Juvenicide: Reframing the youth violence debate
My latest project seeks to reframe the research and policy debate on ‘youth violence’ and reframe it around the concept of ‘juvenicide’. According to the WHO, youth aged 15-29 represent 40% of global homicide victims. Despite this staggering statistic, young people are still predominantly framed as perpetrators rather than victims of lethal violence. Paralleling the theoretical and legal conceptualisation of femicide, this project seeks to identify patterns of material and symbolic precarization of the youth population across several Latin American cities (San Salvador, Ciudad Juárez, Bogotá, Quibdó, São Paulo, Córdoba), seeking to identify and measure patterns in violence affecting youth, and produce a typology of juvenicide. This project is carried out in connection with the Colectivo Juvenicidio y Resistencias Sociales (JUVIR). It has been awarded funding by the Wenner-Gren Foundation, the Independent Social Research Foundation, and the Swiss Network for International Studies.
Informal housing, migration and criminal gangs
My ongoing project (2023-2025), funded by the Swiss National Science Foundation and hosted at the Geneva Graduate Institute, ethnographically explores the housing experiences of Venezuelan migrants who live in one of the largest self-built informal settlements of Latin America, located in Medellín, Colombia. It explores the housing markets that migrants have access to in order to secure a place to live in this area, examining the emerging roles that criminal gangs play in housing market regulation, as well as the detrimental impact of state-led evictions and demolitions. As part of its action component, the project includes a crowdfunding campaign developed in collaboration with local stakeholders aimed at financing the construction of a a school and community centre.
Youth engagement in Colombia’s drug economy
During my doctoral research (2014-2019) at the University of Oxford, funded by the UK Economic and Social Research Council, I ethnographically explored the lives of a group of adolescents implicated at the low-ends of criminal the criminal apparatus in and around Medellín, Colombia. My research shows that modern Colombian gangs are nothing like the the old-days, family-like protective groups. Rather, they are governed by an exploitative economy whereby low-level adolescents take all of the risk and enjoy none of the gains. I argue that adolescents working at the low-level of these modern gangs live in a condition of 'augmented precarity’, characterised by the compounded precarization of both their labor and their life. This work is forthcoming in an ethnographic monograph for NYU Press (forthcoming 2026).
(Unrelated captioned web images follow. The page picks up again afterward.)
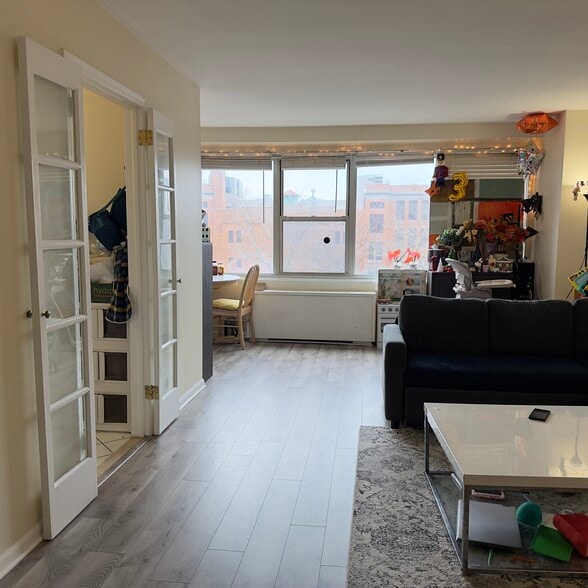 Building Photo - 225 Saint Pauls Ave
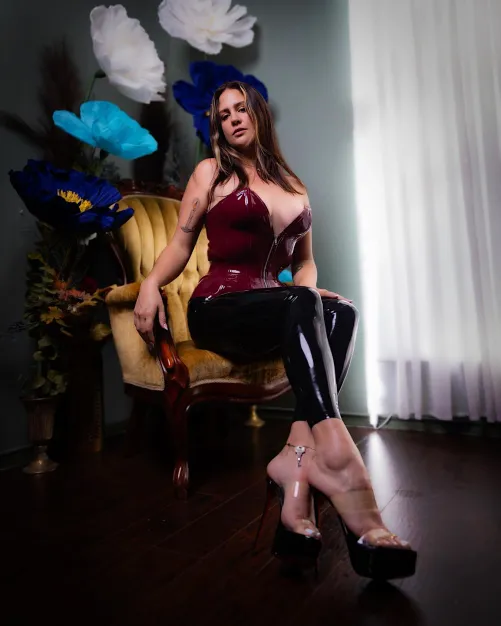 I simply have to wear latex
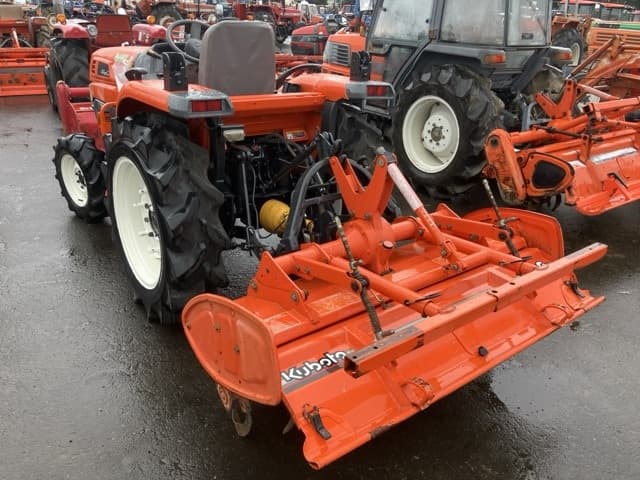 Tractor — Auction (lot 8461-2125)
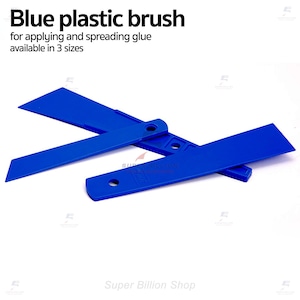 Peut inclure: Trois brosses en plastique bleu pour appliquer et étaler de la colle. Le texte de l'image indique : "Blue plastic brush for applying and spreading glue available in 3 sizes."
Youth-led activism at the urban margins
Between January and April 2019 I conducted a visual ethnography project on the lives of young people who seek to build urban peace in marginal Medellín neighbourhoods. The project, funded by the Higher Education Innovation Fund and hosted at the University of Oxford, sought to investigate how some youth manage to develop alternatives to criminal engagement, and to showcase their demands for social justice. The project employed a series of creative audiovisual techniques, and resulted in five participatory films co-produced with young people on the ground, which were then used by them as advocacy tools.